STUDY MATERIAL

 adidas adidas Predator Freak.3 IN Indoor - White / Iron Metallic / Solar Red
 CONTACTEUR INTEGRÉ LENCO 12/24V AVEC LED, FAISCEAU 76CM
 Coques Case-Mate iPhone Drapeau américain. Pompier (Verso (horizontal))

==

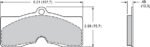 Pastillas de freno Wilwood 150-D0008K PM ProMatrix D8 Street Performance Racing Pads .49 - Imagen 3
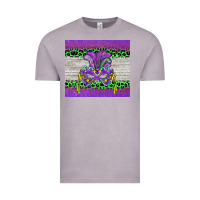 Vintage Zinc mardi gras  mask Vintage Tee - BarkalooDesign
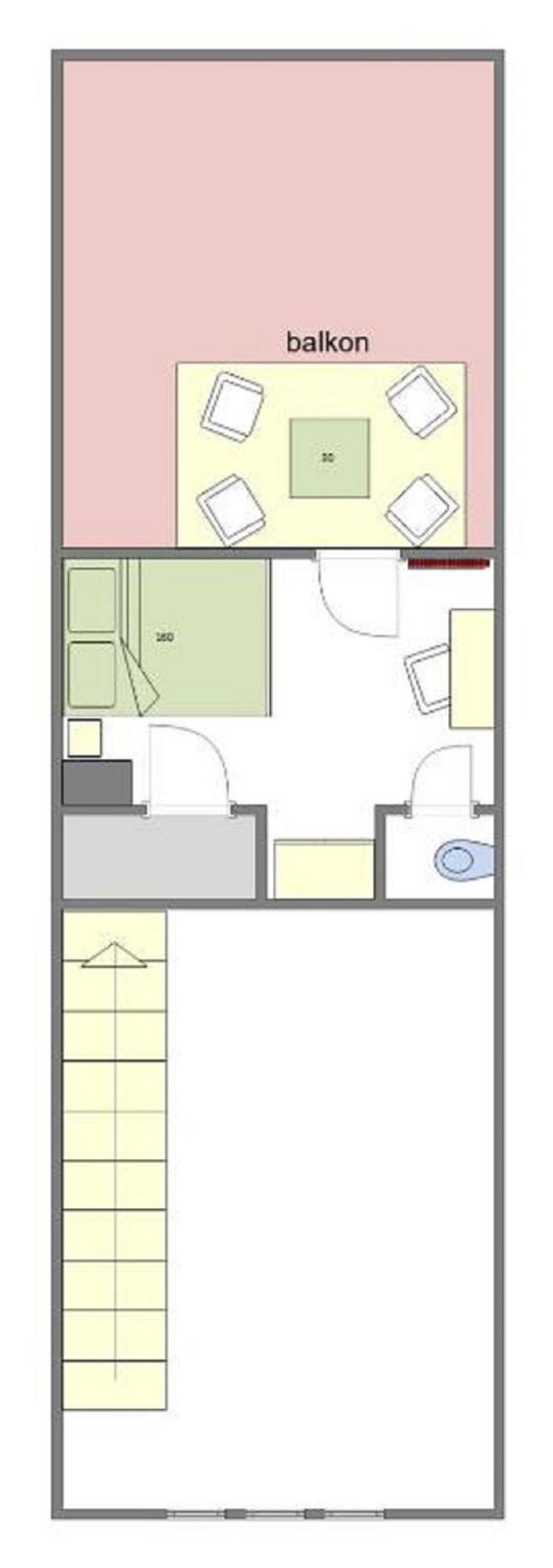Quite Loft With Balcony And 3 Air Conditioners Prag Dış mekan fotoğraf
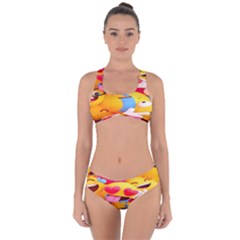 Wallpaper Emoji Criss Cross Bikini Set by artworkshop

WORK REQUIRED
Going down the listing above, begin printing at the line with "adidas adidas Predator" and finish with the line with "Coques Case-Mate iPhone", exactly as they appear.

EXERCISE RESPONSE
 adidas adidas Predator Freak.3 IN Indoor - White / Iron Metallic / Solar Red
 CONTACTEUR INTEGRÉ LENCO 12/24V AVEC LED, FAISCEAU 76CM
 Coques Case-Mate iPhone Drapeau américain. Pompier (Verso (horizontal))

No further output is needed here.